• _Task prompt_: Although the material holds pictures, none belong in the copy; transcribe exactly, and only, the lines from the one with "vidaXL Ντουλάπι Γωνιακό" through the end.

• _Data_:
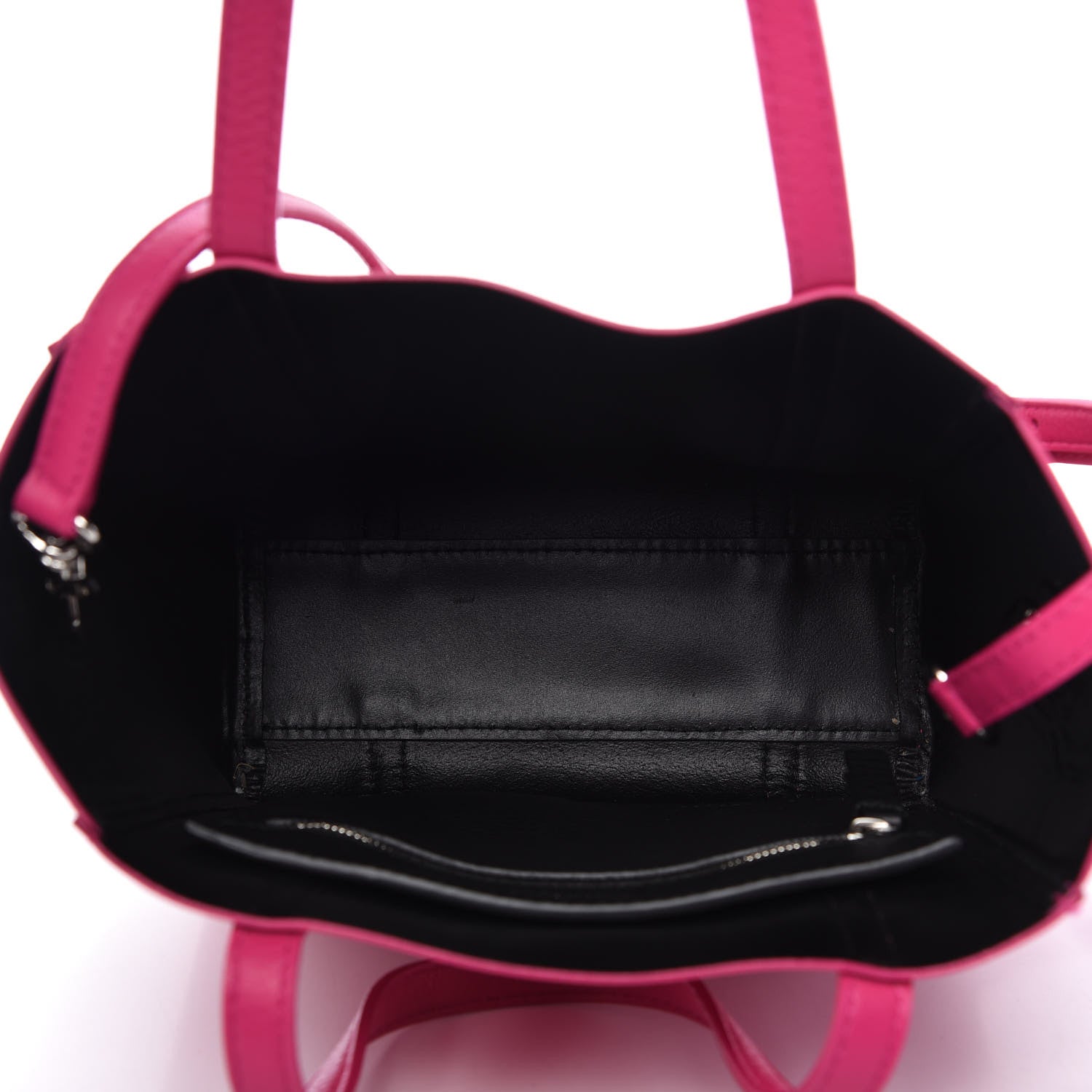 Balenciaga Calfskin XXS Everyday Tote Rose Magenta Black 5 of 8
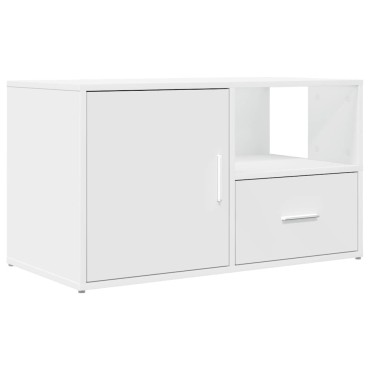vidaXL Ντουλάπι Γωνιακό Λευκό 200x40x45cm από Επεξ. Ξύλο 1 τεμ.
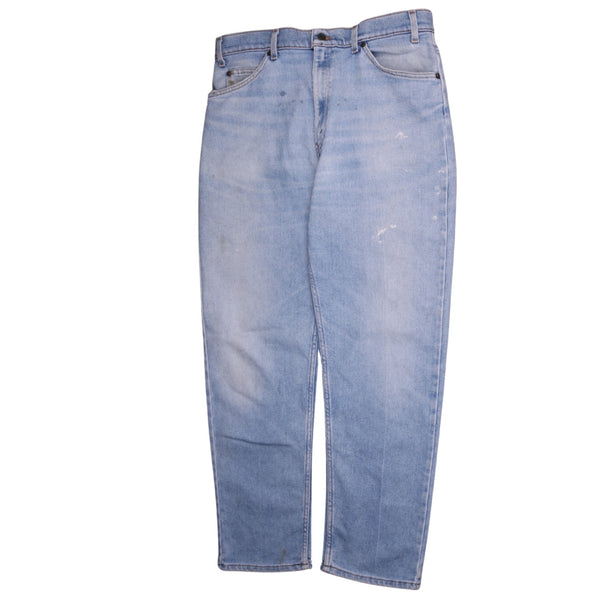 Levi's 90's Straight Leg Baggy Trousers / Pants 36 Blue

• _Worked solution_:
vidaXL Ντουλάπι Γωνιακό Λευκό 200x40x45cm από Επεξ. Ξύλο 1 τεμ.
 Levi's 90's Straight Leg Baggy Trousers / Pants 36 Blue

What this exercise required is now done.